What you will do => The output consists only of the lines from the one with "带有闪光灯的快速行驶警车图片素材" through the end of the records, each printed exactly, and contains no pictures.

[Captioned web images]

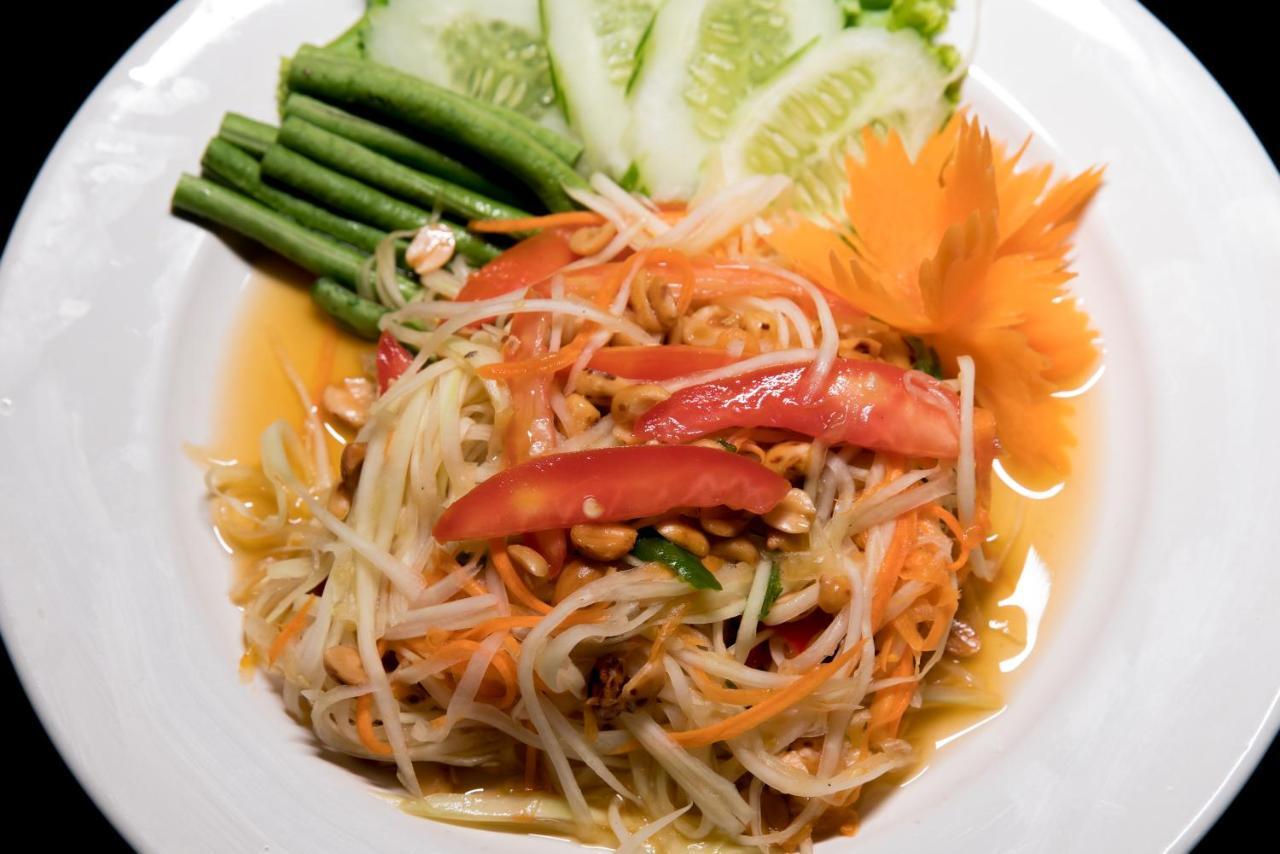 Baan Thai Beach Side Residence Patong Luaran gambar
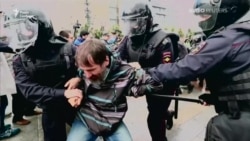 У Москві масово затримують протестувальників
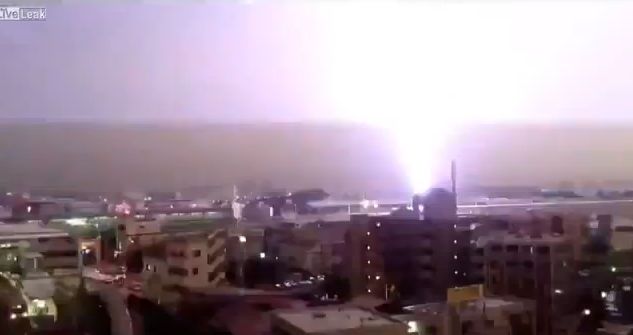 Un Tren Cazado Por Un Rayo: Vídeo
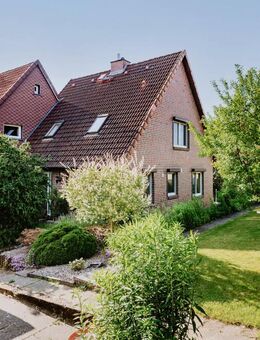 Zwei Häuser unter einem Dach - Vielseitiges Familiendomizil in ruhiger Sackgassenlage - Lüneburg
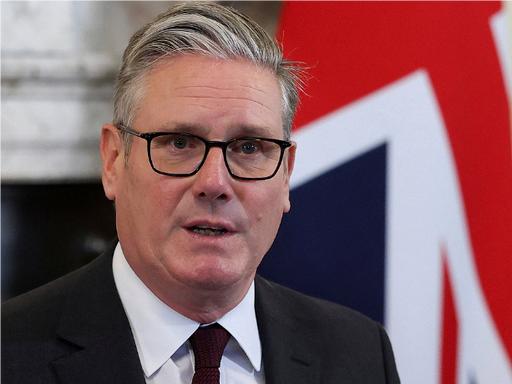英国扣了俄罗斯影子舰队油轮，俄议员建议：装炸弹自爆
英国这次真动手了。他们在英吉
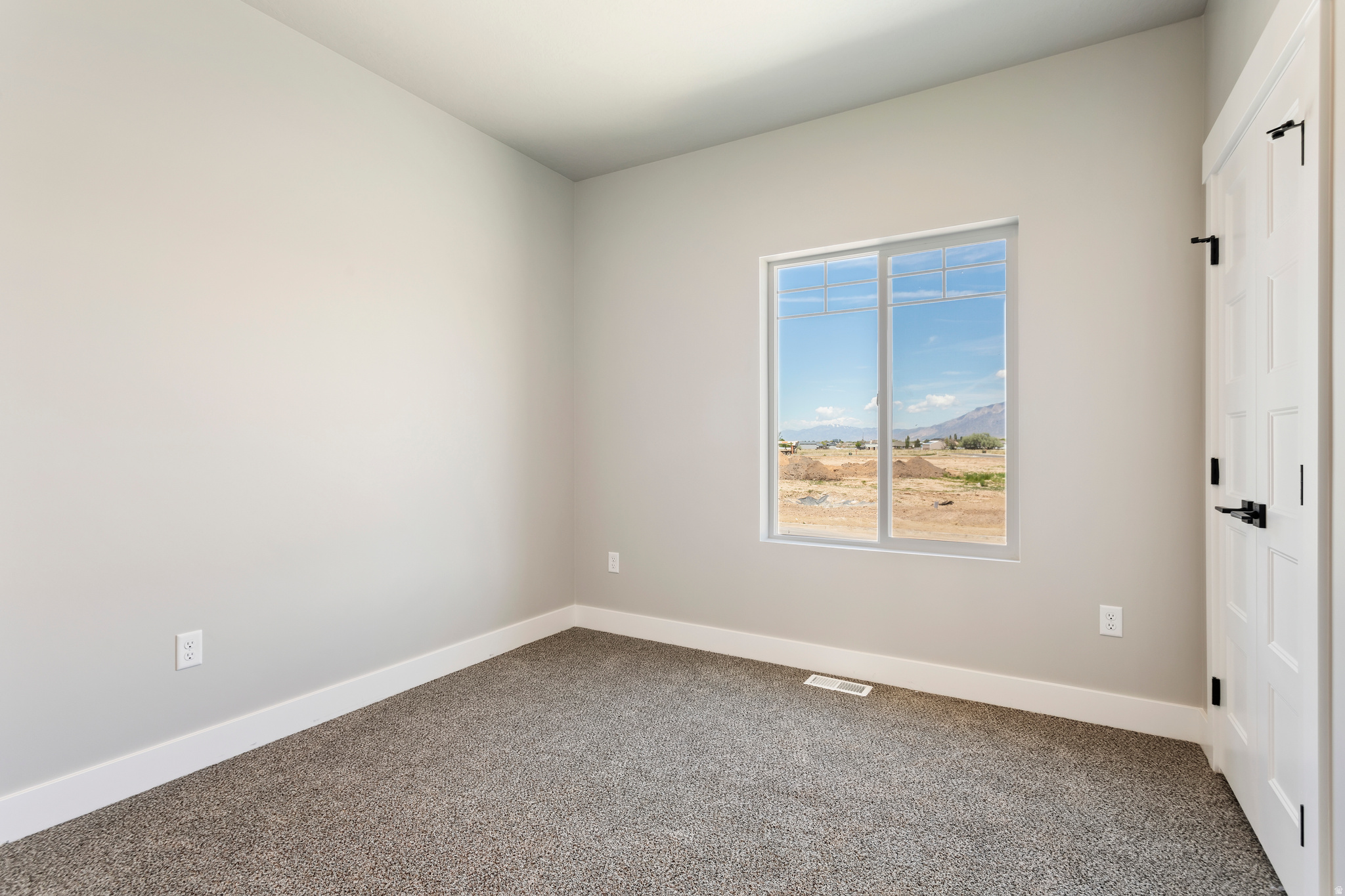 WEST RIDGE ESTATES - Residential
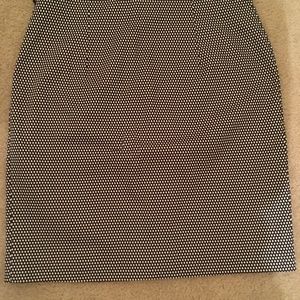 Stretch black and white skirt. Completely new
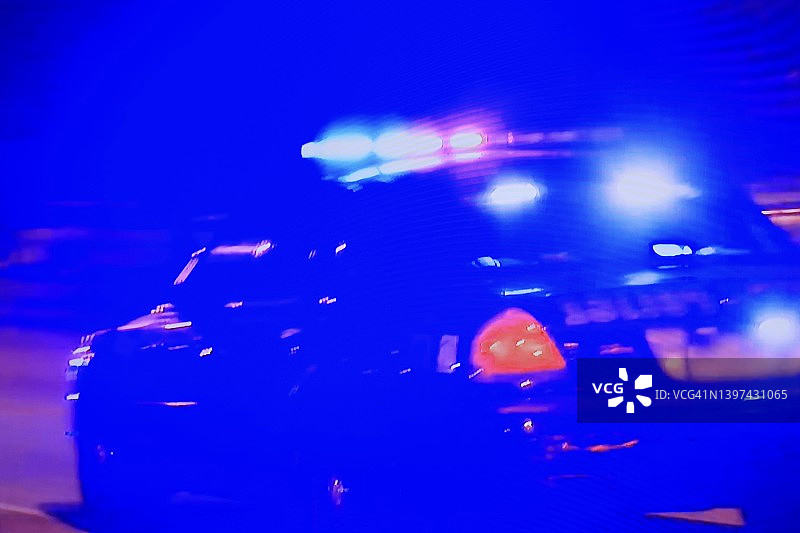 带有闪光灯的快速行驶警车图片素材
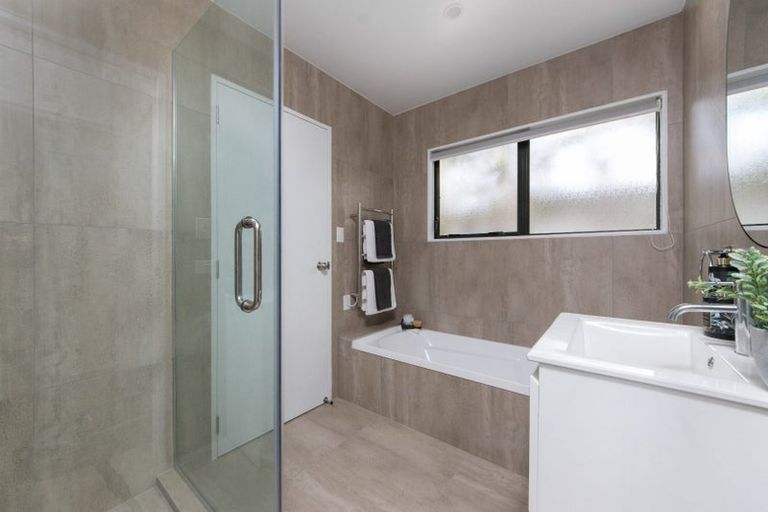 Photo of property in 94 Beach Haven Road, Beach Haven, Auckland, 0626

Answer to the exercise =>
 带有闪光灯的快速行驶警车图片素材
 Photo of property in 94 Beach Haven Road, Beach Haven, Auckland, 0626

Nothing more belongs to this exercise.